Graines de Rue s’est aussi un festival, qui aujourd’hui présente sa 21ème édition, festival pluridisciplinaire de spectacles vivants mêlant sur les mêmes scènes des compagnies artistiques professionnelles de la France entière et des groupes de jeunes amateurs en formation théâtre, cirque ou autres disciplines (ateliers théâtre de Graines de Rue et Association Acte Un ou bien de l’extérieur, d’autres départements).

Nous sommes basés à Bessines sur Gartempe, commune du Nord Haute-Vienne, situé en zone de revitalisation rurale.
Nous avons la chance d’avoir un lieu pour accueillir nos activités. Cet espace est une ancienne école maternelle, les travaux ont été faits en 2012 pour l’adapter au spectacle vivant. Nous pouvons accueillir jusqu’à 150 personnes.

Ce lieu nous permet de recevoir des artistes mais également des jeunes en formation.
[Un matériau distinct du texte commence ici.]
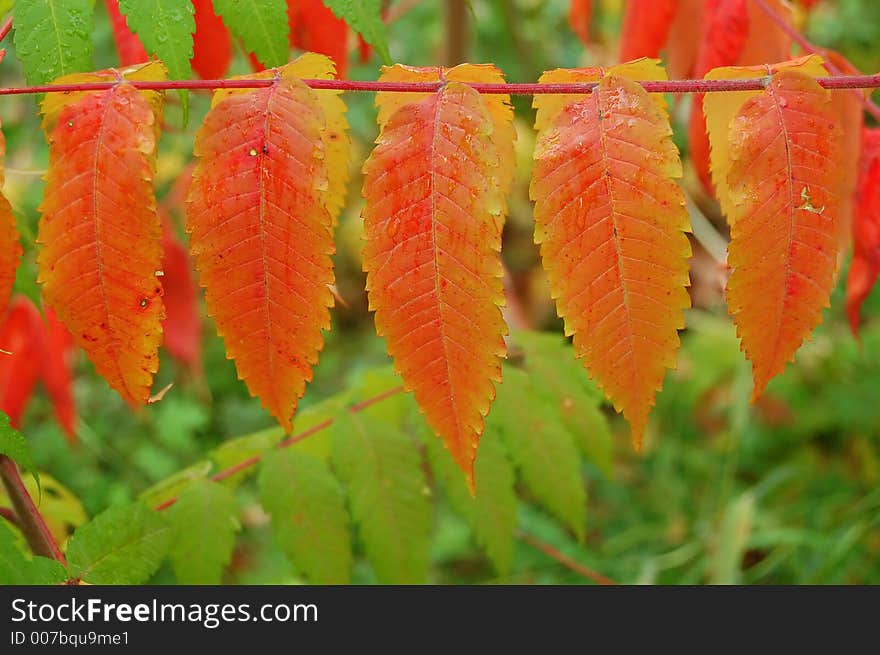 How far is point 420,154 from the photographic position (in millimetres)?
904

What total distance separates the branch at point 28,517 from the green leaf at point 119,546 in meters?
0.06

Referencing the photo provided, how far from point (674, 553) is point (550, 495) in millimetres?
1668

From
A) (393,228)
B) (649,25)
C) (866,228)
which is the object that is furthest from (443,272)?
(649,25)

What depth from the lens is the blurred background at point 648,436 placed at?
9.80 ft

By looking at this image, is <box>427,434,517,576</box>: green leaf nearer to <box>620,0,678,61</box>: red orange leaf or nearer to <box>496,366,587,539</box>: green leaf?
<box>496,366,587,539</box>: green leaf

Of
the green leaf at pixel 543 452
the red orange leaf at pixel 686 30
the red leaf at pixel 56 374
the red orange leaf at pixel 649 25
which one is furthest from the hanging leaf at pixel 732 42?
the red leaf at pixel 56 374

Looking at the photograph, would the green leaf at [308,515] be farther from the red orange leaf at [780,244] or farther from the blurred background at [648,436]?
the blurred background at [648,436]

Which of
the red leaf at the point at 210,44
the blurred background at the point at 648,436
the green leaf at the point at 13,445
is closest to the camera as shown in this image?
the green leaf at the point at 13,445

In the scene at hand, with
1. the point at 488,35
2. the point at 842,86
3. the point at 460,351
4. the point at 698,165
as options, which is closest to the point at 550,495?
the point at 698,165

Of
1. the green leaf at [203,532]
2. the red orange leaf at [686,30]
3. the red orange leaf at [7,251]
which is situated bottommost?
the green leaf at [203,532]

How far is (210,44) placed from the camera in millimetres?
1337

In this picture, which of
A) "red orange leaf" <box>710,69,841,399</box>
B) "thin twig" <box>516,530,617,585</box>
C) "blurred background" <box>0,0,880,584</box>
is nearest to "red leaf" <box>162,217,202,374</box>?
"blurred background" <box>0,0,880,584</box>

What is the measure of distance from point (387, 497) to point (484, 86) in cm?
73

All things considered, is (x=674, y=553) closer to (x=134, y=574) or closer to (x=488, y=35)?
(x=134, y=574) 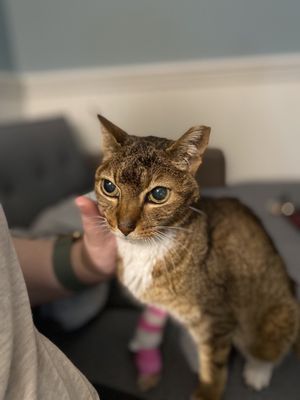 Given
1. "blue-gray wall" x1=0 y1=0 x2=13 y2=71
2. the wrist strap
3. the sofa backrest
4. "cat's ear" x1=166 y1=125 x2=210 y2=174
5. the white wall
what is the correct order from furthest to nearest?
"blue-gray wall" x1=0 y1=0 x2=13 y2=71, the sofa backrest, the wrist strap, the white wall, "cat's ear" x1=166 y1=125 x2=210 y2=174

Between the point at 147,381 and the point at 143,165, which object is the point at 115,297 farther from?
the point at 143,165

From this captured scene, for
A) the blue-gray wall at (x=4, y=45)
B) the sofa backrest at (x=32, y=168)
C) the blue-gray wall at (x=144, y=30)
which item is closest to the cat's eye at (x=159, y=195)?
the blue-gray wall at (x=144, y=30)

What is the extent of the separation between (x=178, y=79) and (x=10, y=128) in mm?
598

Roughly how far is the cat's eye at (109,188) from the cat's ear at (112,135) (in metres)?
0.05

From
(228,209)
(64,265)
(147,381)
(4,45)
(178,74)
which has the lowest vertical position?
(147,381)

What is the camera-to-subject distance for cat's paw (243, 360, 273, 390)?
0.69m

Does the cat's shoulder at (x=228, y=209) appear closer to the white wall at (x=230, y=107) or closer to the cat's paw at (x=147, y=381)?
the white wall at (x=230, y=107)

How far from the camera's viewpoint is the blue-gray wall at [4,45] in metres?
1.26

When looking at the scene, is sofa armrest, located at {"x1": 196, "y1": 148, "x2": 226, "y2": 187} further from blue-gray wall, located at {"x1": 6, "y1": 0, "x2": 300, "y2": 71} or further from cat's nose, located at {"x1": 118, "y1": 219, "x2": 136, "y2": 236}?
blue-gray wall, located at {"x1": 6, "y1": 0, "x2": 300, "y2": 71}

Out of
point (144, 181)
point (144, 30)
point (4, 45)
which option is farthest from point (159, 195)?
point (4, 45)

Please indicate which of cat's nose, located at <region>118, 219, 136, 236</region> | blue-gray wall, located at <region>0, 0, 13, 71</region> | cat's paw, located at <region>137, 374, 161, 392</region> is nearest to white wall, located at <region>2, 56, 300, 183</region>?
cat's nose, located at <region>118, 219, 136, 236</region>

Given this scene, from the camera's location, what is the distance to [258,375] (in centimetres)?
70

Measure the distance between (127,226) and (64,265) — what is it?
0.27 m

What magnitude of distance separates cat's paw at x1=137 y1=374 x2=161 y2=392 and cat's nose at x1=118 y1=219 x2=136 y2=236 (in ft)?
1.16
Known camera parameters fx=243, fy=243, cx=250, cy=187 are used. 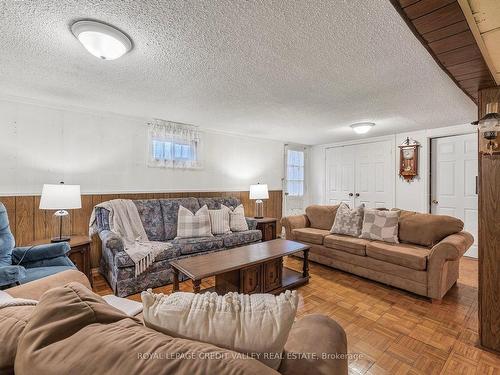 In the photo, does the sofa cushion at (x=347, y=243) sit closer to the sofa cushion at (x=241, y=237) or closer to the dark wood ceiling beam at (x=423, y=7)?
the sofa cushion at (x=241, y=237)

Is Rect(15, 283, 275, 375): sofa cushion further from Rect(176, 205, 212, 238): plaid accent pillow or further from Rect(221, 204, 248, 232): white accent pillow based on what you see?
Rect(221, 204, 248, 232): white accent pillow

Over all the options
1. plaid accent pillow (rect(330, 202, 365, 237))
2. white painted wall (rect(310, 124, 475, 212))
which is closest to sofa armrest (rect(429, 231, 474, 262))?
plaid accent pillow (rect(330, 202, 365, 237))

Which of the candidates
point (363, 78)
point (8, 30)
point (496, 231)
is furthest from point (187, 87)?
point (496, 231)

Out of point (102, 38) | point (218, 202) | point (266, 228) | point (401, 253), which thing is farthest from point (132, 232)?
point (401, 253)

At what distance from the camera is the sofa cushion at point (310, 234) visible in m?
3.44

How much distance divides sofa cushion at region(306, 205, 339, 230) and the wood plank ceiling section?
7.64 feet

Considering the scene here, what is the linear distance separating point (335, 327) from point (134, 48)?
204 cm

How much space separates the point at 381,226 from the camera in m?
3.07

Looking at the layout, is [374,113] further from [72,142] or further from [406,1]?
[72,142]

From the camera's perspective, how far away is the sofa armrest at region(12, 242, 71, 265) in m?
2.04

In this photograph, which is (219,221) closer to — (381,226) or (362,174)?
(381,226)

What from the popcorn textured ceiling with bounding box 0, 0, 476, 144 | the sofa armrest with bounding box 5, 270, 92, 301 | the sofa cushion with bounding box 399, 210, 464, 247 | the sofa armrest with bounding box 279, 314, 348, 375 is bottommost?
the sofa armrest with bounding box 5, 270, 92, 301

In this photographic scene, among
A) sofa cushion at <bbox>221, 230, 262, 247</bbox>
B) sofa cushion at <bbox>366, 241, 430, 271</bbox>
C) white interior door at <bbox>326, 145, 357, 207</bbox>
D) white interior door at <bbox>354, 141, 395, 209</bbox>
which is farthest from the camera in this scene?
white interior door at <bbox>326, 145, 357, 207</bbox>

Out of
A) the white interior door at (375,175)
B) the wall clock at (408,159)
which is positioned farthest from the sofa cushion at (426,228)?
the white interior door at (375,175) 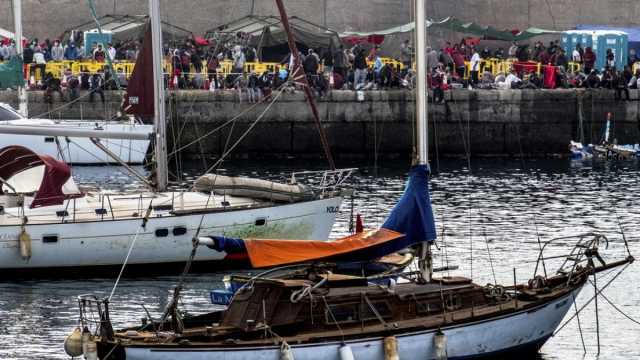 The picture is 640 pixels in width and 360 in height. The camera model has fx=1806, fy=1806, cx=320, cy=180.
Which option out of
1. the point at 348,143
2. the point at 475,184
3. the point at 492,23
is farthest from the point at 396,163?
the point at 492,23

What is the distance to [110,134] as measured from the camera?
45.9 meters

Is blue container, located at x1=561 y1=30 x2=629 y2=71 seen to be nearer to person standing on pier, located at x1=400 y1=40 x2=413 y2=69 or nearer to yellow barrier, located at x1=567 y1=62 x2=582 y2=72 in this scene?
yellow barrier, located at x1=567 y1=62 x2=582 y2=72

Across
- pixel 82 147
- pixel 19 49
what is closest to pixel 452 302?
pixel 82 147

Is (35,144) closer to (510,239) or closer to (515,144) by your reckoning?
(515,144)

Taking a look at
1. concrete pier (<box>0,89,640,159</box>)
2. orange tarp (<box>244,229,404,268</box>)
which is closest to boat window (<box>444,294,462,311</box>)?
orange tarp (<box>244,229,404,268</box>)

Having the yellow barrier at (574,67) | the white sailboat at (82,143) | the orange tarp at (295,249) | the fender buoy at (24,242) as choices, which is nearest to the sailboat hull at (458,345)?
the orange tarp at (295,249)

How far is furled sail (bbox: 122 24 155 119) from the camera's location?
46.6m

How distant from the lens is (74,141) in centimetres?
6775

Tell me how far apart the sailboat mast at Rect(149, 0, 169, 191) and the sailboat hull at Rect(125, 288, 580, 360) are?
14.0 m

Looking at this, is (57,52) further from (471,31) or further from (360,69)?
(471,31)

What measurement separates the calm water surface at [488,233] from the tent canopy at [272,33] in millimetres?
6136

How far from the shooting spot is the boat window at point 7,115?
63781 millimetres

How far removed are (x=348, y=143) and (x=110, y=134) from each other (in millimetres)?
25939

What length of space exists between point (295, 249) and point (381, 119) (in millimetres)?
36366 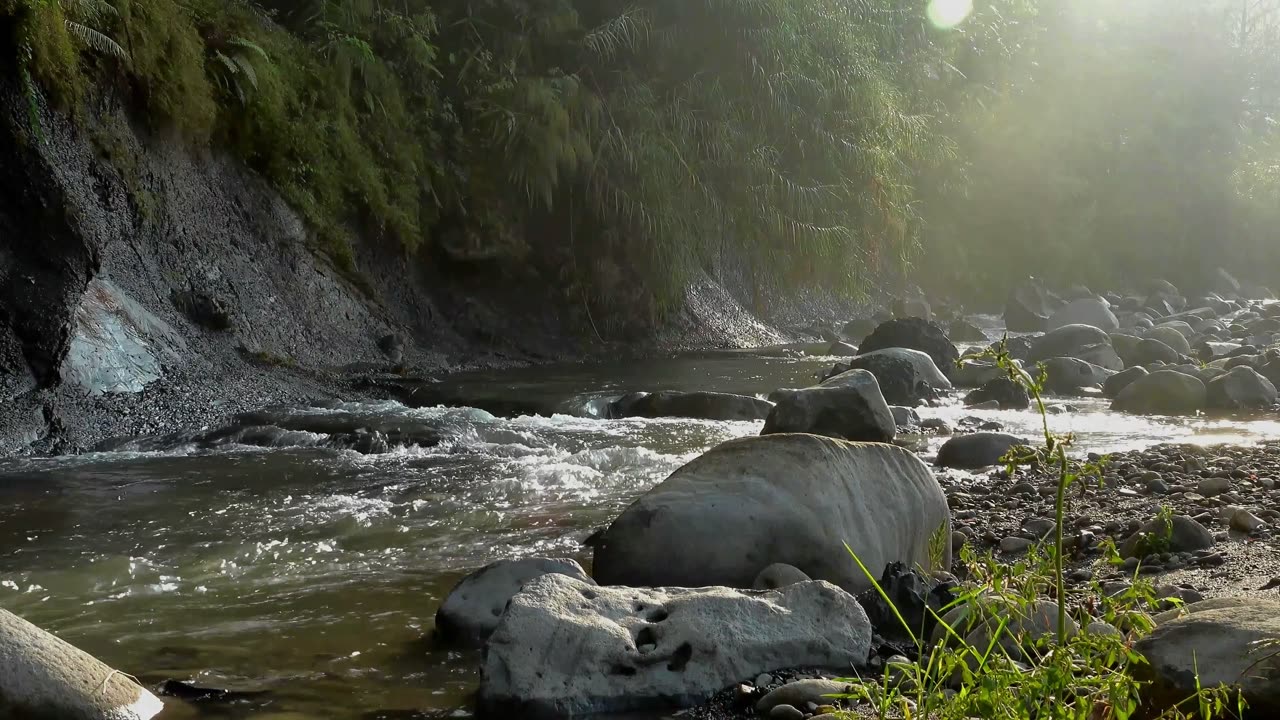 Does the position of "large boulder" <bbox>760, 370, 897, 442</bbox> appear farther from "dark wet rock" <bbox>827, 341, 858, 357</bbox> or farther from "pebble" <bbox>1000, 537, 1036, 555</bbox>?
"dark wet rock" <bbox>827, 341, 858, 357</bbox>

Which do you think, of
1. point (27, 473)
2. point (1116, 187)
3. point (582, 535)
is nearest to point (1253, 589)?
point (582, 535)

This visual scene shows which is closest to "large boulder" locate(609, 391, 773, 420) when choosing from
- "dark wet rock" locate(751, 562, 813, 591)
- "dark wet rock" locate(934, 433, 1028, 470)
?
"dark wet rock" locate(934, 433, 1028, 470)

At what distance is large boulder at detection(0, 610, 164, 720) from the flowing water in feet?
0.55

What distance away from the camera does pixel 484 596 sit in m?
3.85

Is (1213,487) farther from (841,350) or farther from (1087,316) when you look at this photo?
(1087,316)

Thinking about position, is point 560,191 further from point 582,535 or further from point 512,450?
point 582,535

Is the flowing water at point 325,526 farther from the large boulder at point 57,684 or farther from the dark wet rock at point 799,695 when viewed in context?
the dark wet rock at point 799,695

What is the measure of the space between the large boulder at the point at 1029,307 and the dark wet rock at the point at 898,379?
11.0m

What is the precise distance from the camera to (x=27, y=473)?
666 centimetres

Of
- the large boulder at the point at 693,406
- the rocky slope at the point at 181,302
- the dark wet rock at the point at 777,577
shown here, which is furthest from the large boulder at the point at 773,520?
the rocky slope at the point at 181,302

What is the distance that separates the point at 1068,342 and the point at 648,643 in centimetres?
1175

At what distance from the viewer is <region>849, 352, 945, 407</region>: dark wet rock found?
1060 cm

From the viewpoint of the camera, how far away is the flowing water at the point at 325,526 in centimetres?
352

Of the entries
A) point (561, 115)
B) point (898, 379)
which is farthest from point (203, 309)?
point (898, 379) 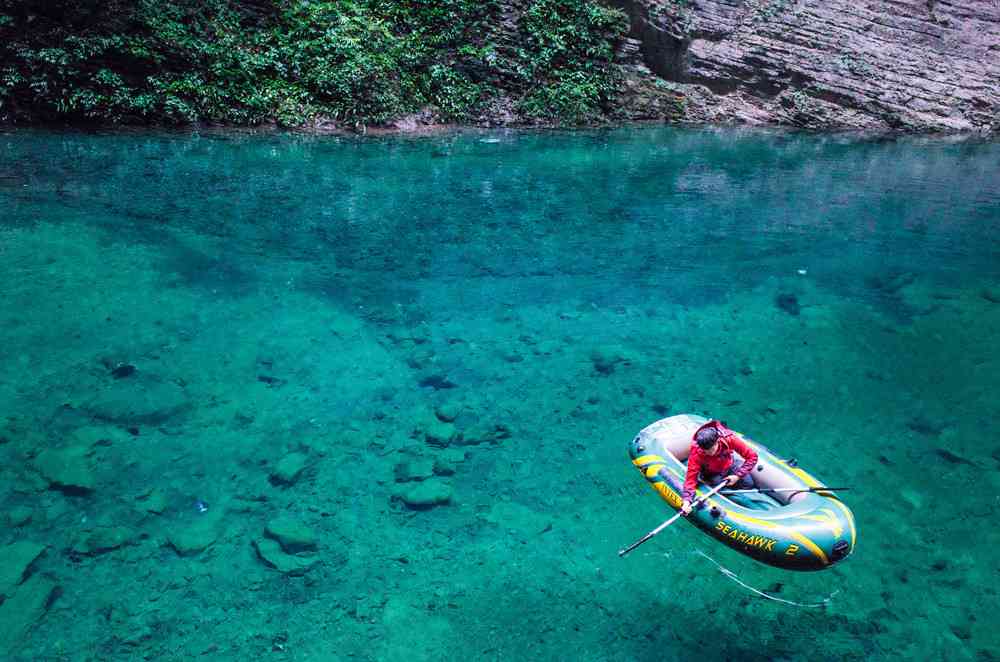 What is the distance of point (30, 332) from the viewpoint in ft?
22.3

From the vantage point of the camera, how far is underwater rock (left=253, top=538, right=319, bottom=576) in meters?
4.42

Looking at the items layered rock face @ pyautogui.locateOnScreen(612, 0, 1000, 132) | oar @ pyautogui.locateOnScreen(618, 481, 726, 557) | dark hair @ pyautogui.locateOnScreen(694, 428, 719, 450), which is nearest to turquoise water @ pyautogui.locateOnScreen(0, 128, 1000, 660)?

Nous partageons les locaux avec 3 autres associations de Bessines.

Nous proposions, jusqu’à il y a 4 ans, une saison culturelle, avec un spectacle par mois. Depuis 2016 nous accueillons des compagnies en résidence, 5 à 6 dans l’année. Nous continuons à développer ce pan de notre activité en participant à la création d’un réseau régional, Les Fabriques RéUnies, étendant notre territoire d’action à la Nouvelle-Aquitaine en devenant acteur du soutien à la création dans notre région.

L’éducation artistique a un place particulière dans notre activité. Association d’éducation populaire, nous formons 300 élèves dans et hors nos murs. Nous leur offrons la possibilité d’une pratique théâtrale aboutissant sur une représentation lors du Festival.
En effet, lors du festival nous organisons deux journées scolaires auxquelles presque 3000 élèves viennent au spectacle et à la rencontre des artistes.
La venue au spectacle, la confrontation à l’œuvre artistique fait partie intégrale de la formation proposée à ses jeunes.
Sur le Festival, les publics se croisent, les jeunes amateurs et les artistes professionnels se croisent sur leur spectacle. Les professionnels viennent voir le travail mené avec ces groupes. Gageant de la qualité des actions menées et de la convivialité du festival.

En 20 ans, plein de jeunes sont passés ici, nous les appelons « les graines d’hier ». À chaque festival ils sont bénévoles, spectateurs, ils reviennent tous les ans. Parmi ces jeunes, certains ont créé leur association (La Quincaill’), ce qui a permis la mise en place du jardin partagé autour du centre culturel.

Le festival compte quelques 80 bénévoles, dont 10 membres du Conseil d’Administration, qui sont impliqués dans le travail à l’année de l’association.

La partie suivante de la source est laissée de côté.